Fast partnership trick-taking with a 24-card deck and trump named by the upcard.
Setup & play
24-card deck: 9, 10, J, Q, K, A of each suit. 4 players in two teams (partners across).
Deal 5 cards each (in 2/3 or 3/2 packets) and turn up the top card of the kitty. Bidding goes around twice: first, players can order the dealer up to take the upcard suit as trump; if all pass, the second round lets players pick any suit (or stick the dealer if enabled).
The bidder's team must take 3 of 5 tricks to score. Going alone — declaring you'll play without your partner's help — scores big if you make it.
Scoring
Make 3 or 4 tricks: 1 point.
Make 5 tricks (march): 2 points.
Go alone and make 5: 4 points.
Euchred (fail to make 3): Defenders score 2 points.
Game: First team to 10 points wins.
Trump card hierarchy (high to low): Right Bower (J of trump suit), Left Bower (J of the same-color non-trump suit, treated as trump), then A, K, Q, 10, 9 of trump. Non-trump suits go A K Q J 10 9.
Variants
- Standard 4-player
Default. Partners across.
- Stick the Dealer
If both bidding rounds pass without a trump being named, the dealer is forced to pick a suit. Faster games.
- Bid It Up / Double
Bidder declares "no trump" or "double" — scores 4 points for a march if successful, but loses 4 if euchred. Optional house rule.
- Farmer's Hand redeal
Holder of all 9s and 10s can demand a redeal. Off by default — purists hate it.
Common house-rule decisions
These are the questions that come up most often.
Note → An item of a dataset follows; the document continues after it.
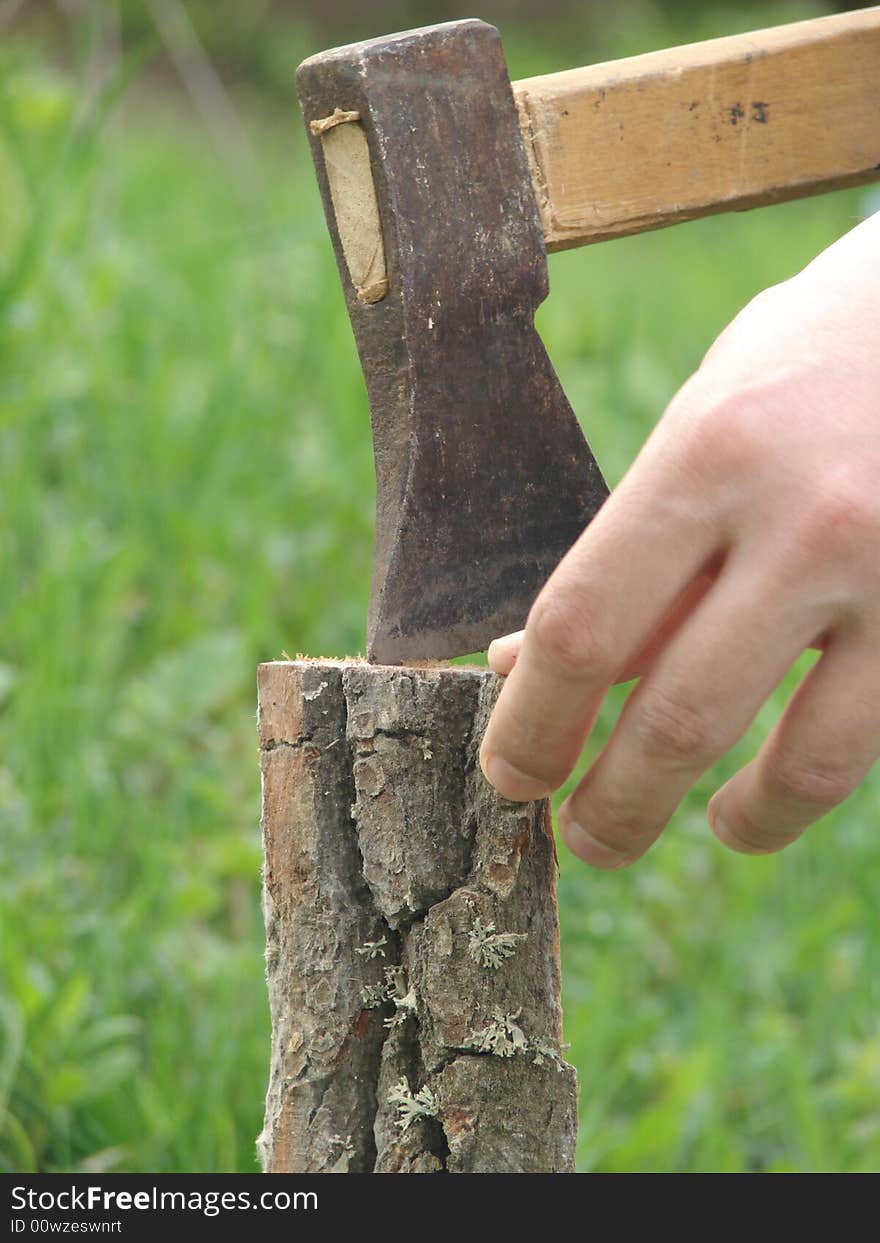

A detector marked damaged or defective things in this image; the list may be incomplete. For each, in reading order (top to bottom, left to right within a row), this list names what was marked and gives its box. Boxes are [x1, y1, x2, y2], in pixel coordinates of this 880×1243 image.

rusty metal axe [298, 9, 880, 664]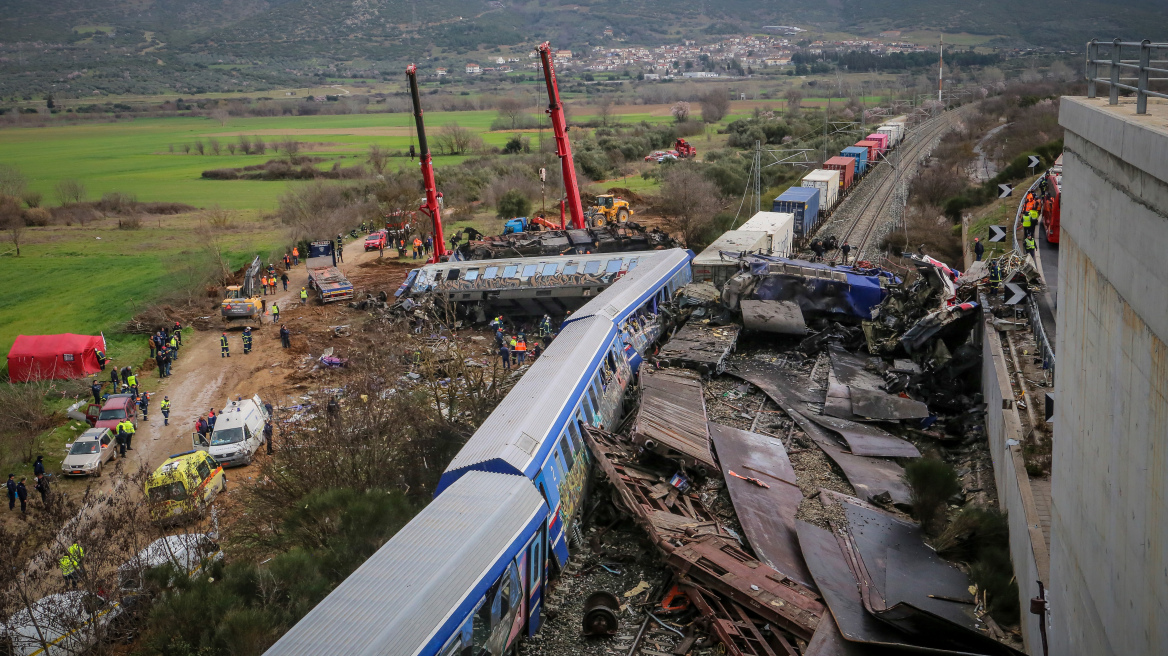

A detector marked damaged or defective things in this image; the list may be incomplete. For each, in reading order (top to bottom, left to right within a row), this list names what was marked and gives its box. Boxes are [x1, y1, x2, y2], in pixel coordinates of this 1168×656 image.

The Rules tab toggles between the common choices — agree before the first hand or you’ll re-litigate them mid-game.
- Stick the dealer (default on).
- Bid it up / no-trump option.
- Farmer's hand redeal allowed.
- Screw the dealer (dealer's team scores 4 if they're euchred when forced to call).
- Game target — 10 is standard; some groups play to 7 or 11.